Review: Slaying holy cows – the bleak and mediocre world according to Gareth van Onselen

Review: Slaying holy cows – the bleak and mediocre world according to Gareth van Onselen

Former DA-staffer-turned-journalist/columnist Gareth van Onselen has just published his second collection of polemical essays and “critical interrogations” on a variety of topical South African issues, from ritual initiation to the notion of respect, bad service and the apparent triumph of mediocrity in South African life. But the chapters that are bound to attract the most attention are those in which the author provides a ruthless and scathing “analysis” of the mind and character of former DA leader Helen Zille, based entirely on her twitter time line. Some shit is going to fly. By MARIANNE THAMM.

Let’s cut to the chase.

It takes an extraordinary type of dogged determination to single-mindedly trawl through around 40,000 tweets – essentially 140-character public mental burps – dashed off and posted over a period of four years, capturing and examining each statement as if it were a code or roadmap into the deepest nature and mind of the individual who has been doing the tweeting.

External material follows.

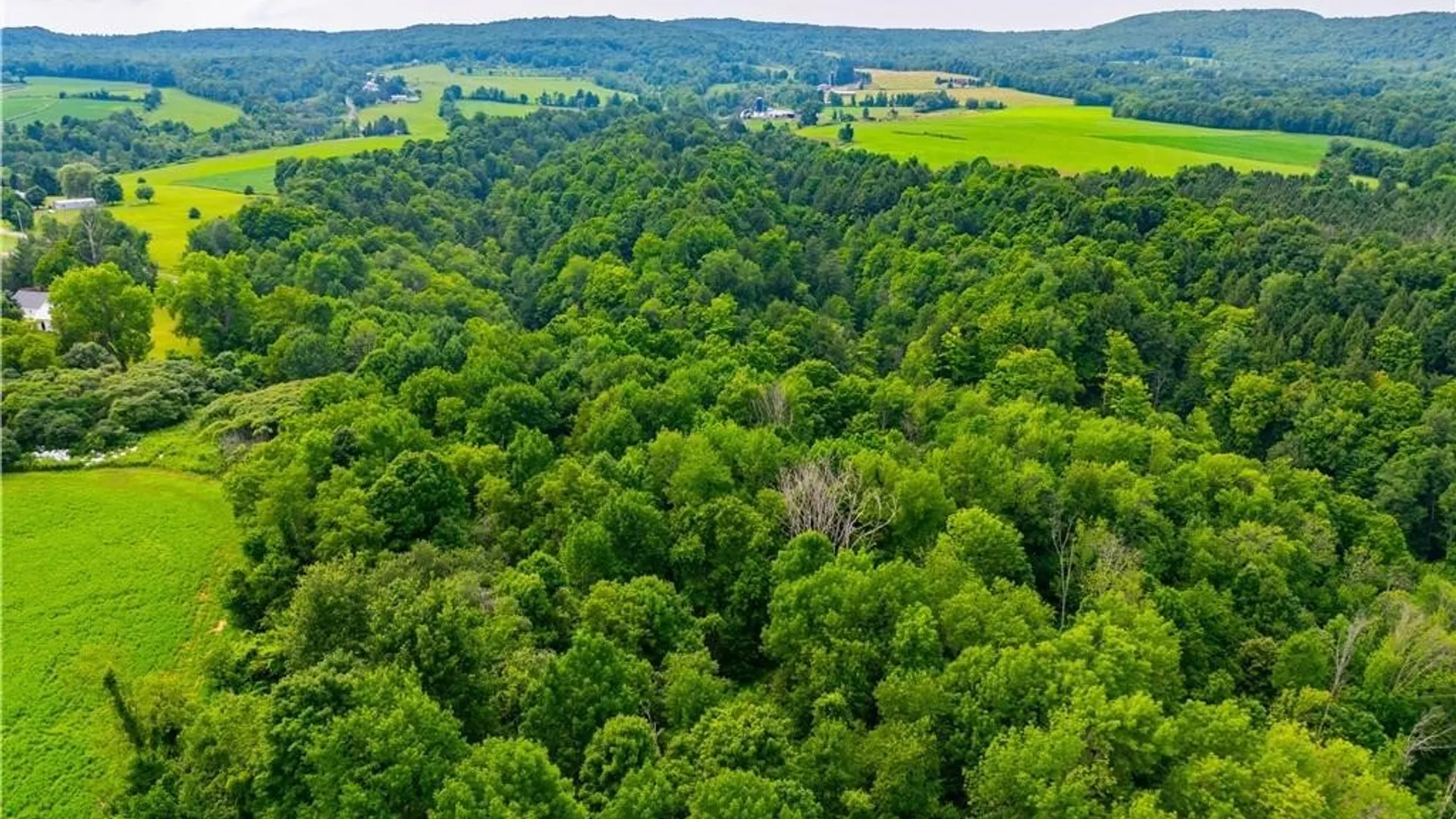 Property at 3883 State Route 28, Herkimer, NY 13350 41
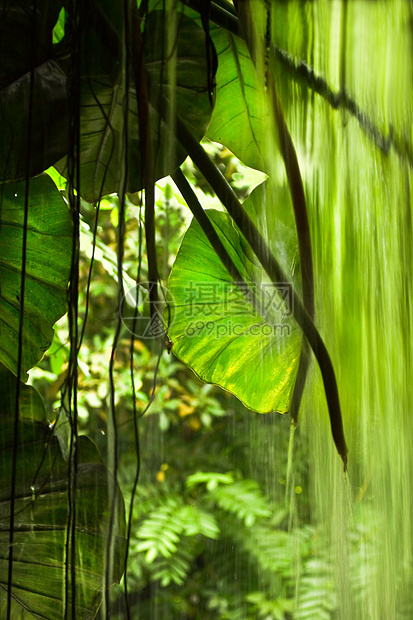 丛林风景 大树叶和下水热带树叶树木雨林绿色瀑布森林图片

It is a little creepy and obsessive, n’est-ce pas? Or is it just me?

This is in fact an exercise Gareth Van Onselen undertook, clearly with the stamina of a long distance runner on steroids. In his recently-published collection of writings “Holy Cows. The Ambiguities of Being South African”, Van Onselen has milked former DA leader Helen Zille’s timeline and fashioned this into two separate chapters (all of 8000 words) titled “Helen Zille’s Living Biography” and “Zille vs. Twitter” and which stand as the centrepieces of the collection.

Van Onselen is no “outsider” when it comes to the Democratic Alliance. He spent twelve years working for the party in various positions – as a researcher, writer, analyst and also as former leader Tony Leon’s Chief of Staff. Politics, of course, attracts individuals who possess the prerequisite qualities to survive in this cut-throat, power-hungry environment. They are generally, clever, hugely ambitious, messianic and ruthless. And that’s when they’re being nice to each other. They do, no doubt, also possess nobler human instincts but these they save for election campaigns.

Those inside the DA who were pleased to see Van Onselen exit – and shift shape as a columnist and journalist for Business Day – have labelled him “bitter”, “divisive” and “a party hack”. Van Onselen doesn’t care. He is a man seized by an irrepressible drive to impress his thoughts and ideas of the world and the country we live in through his writings. The lens through which Van Onselen wants to make sense of the world is “evidence driven”, based on irrefutable facts, data and above all, reason. All else is sloppy thinking. He also finds himself a proud liberal in a world where he has come to believe that the marrow, life and meaning is being sucked out of the political philosophy.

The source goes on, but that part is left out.